Extension Factory Builder

À quand un cinéma africain ?

07/06/2012 à 19:45
Diminuer la taille du texte Augmenter la taille du texte Imprimer Envoyer Partager cet article

Férid Boughedir est un cinéaste tunisien.

Enfin des films africains à Cannes ! Une fois n'est pas coutume, le plus grand rassemblement cinématographique mondial, qui s'est tenu du 16 au 27 mai, en avait - ô miracle ! - sélectionné quatre cette année ! D'ordinaire, les films du continent brillent par leur absence. Mais, hélas, les oeuvres choisies renvoyaient à une vision de l'Afrique bien occidentale. Après la bataille, de l'Égyptien Yousry Nasrallah, traite de l'amour impossible entre un des cavaliers envoyés par l'ex-président Moubarak pour bastonner les manifestants de la place Al-Tahrir et une jeune Égyptienne révolutionnaire. La Pirogue, du Sénégalais Moussa Touré, décrit la tragique tentative d'émigration clandestine de trente Africains partis de Dakar sur une pirogue rudimentaire vers les îles espagnoles des Canaries. Les Chevaux de Dieu, du Marocain Nabil Ayouch, retrace le parcours des auteurs des attentats islamistes de 2003 à Casablanca, depuis leur enfance dans un bidonville à leur conversion au djihad. Enfin, Le Repenti, de l'Algérien Merzak Allouache, suit un jeune terroriste, qui, lors de la politique de concorde nationale, décide de quitter le maquis, mais retombe malgré lui dans la violence de la guerre civile.

De bon niveau technique et plutôt réussis (le plus impressionnant étant La Pirogue, un hymne vibrant à la dignité de l'homme africain), ces quatre films répondent tous par leur propos aux attentes, aux interrogations occidentales sur au moins trois sujets actuels : le Printemps arabe, le terrorisme islamiste, l'immigration clandestine. Et véhiculent parfois les stéréotypes occidentaux sur l'Afrique. De là à dire que, consciemment ou inconsciemment, les réalisateurs africains tendent à « formater » leurs films moins en fonction de leur public national qu'en fonction de celui des festivals européens, il n'y a qu'un pas... Mais ont-ils vraiment le choix quand, en l'absence de structure viable en leur pays, ces festivals deviennent leur seul débouché ? Sans l'apport du Nord, ces films, tous de coproduction majoritairement française, n'auraient probablement jamais existé, comme la plupart des rares films africains sélectionnés à Cannes depuis des décennies... Un apport louable qui a permis de faire survivre l'expression cinématographique africaine, mais, en ces temps de crise économique accrue dans le Nord, jusqu'à quand ?

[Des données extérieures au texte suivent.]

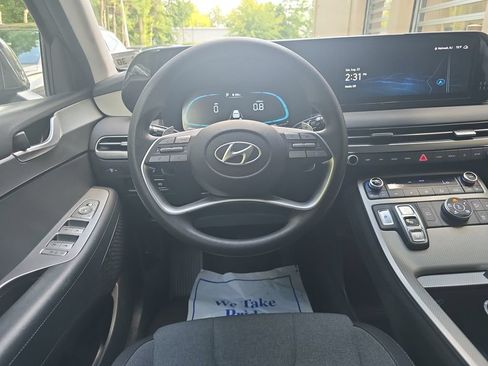 Certified 2025 Hyundai Palisade SE AWD/4WD image 13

Il est à ce sujet assez symptomatique que ce soit à Cannes qu'ait repris corps le projet de Fonds panafricain pour le cinéma et l'audiovisuel lancé - déjà depuis la Croisette - en 2010 à la demande des cinéastes africains, avec l'encadrement logistique de l'Organisation internationale de la francophonie (OIF) et le parrainage personnel de son secrétaire général, l'ex-président sénégalais Abdou Diouf. Plusieurs ministres et responsables d'organisations cinématographiques africaines avaient fait le voyage pour concrétiser ce projet. Fondé sur le principe de la solidarité entre les pays du continent nantis économiquement et ceux qui le sont moins, et sur des donations aussi bien africaines qu'internationales, le Fonds doit soutenir à la fois la production d'oeuvres de qualité et l'installation de structures nationales pouvant rendre ces productions viables. Le ministre tunisien de la Culture, Mehdi Mabrouk, a annoncé l'accord de son pays pour abriter dans un premier temps le siège du Fonds et a demandé à l'OIF de mettre sur pied la future fondation habilitée à recevoir les donations.

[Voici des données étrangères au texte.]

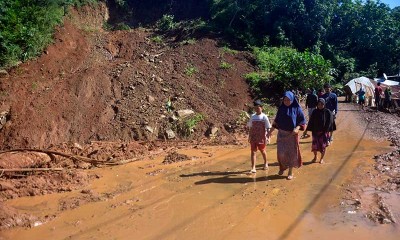 Empat Warga Tertimbun Tanah Longsor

Le vieux rêve de « coopération Sud-Sud », porté depuis les années 1970 par certains cinéastes africains, n'en finit pas de renaître de ses cendres et correspond à une nécessité réelle... Si bien que l'on se prend à espérer qu'un jour une production interafricaine remporte la prestigieuse Palme d'or en étant enfin totalement libérée, dans son économie comme dans ses choix artistiques, de l'omniprésente « attente » des publics du Nord... 

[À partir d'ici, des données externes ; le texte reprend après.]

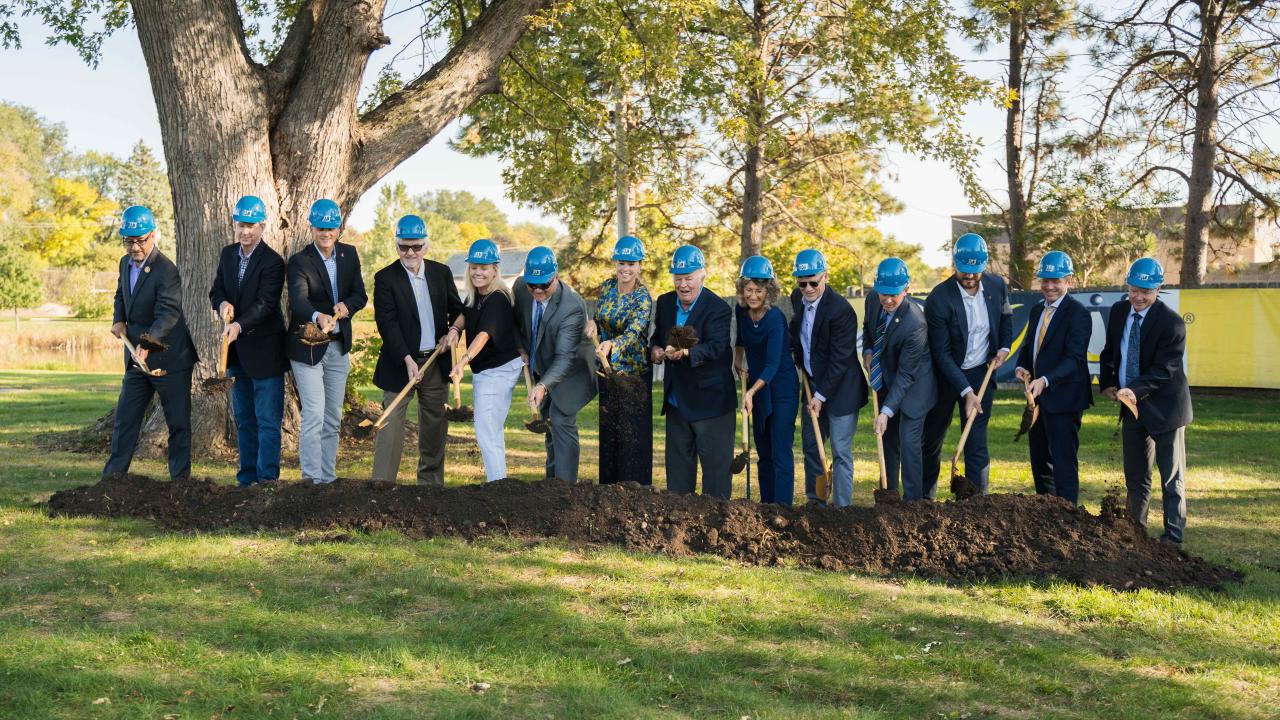 Augustana Hockey Groundbreaking Courtesy of Hunter Chear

Abonnez-vous pour 11,25€ / mois
Tous droits de reproduction et de représentation ImprimerImprimer EnvoyerEnvoyer Partager cet articlePartager

Forum-Tribunes Article suivant :
Avec l'Afrique, main dans la main

Forum-Tribunes Article précédent :
Être bien soigné, c'est un droit !

0 réaction(s)

Réagir à cet article

AUTRES

Tunisie : fin de la campagne pour le second tour de l'élection présidentielle

Tunisie : fin de la campagne pour le second tour de l'élection présidentielle

Les Tunisiens de l'étranger, notamment en France, ont commencé à voter dès vendredi, dernier jour de la campagne pour le second tour de la présidentielle, qui opposera dimanche Moncef Marzouki[...]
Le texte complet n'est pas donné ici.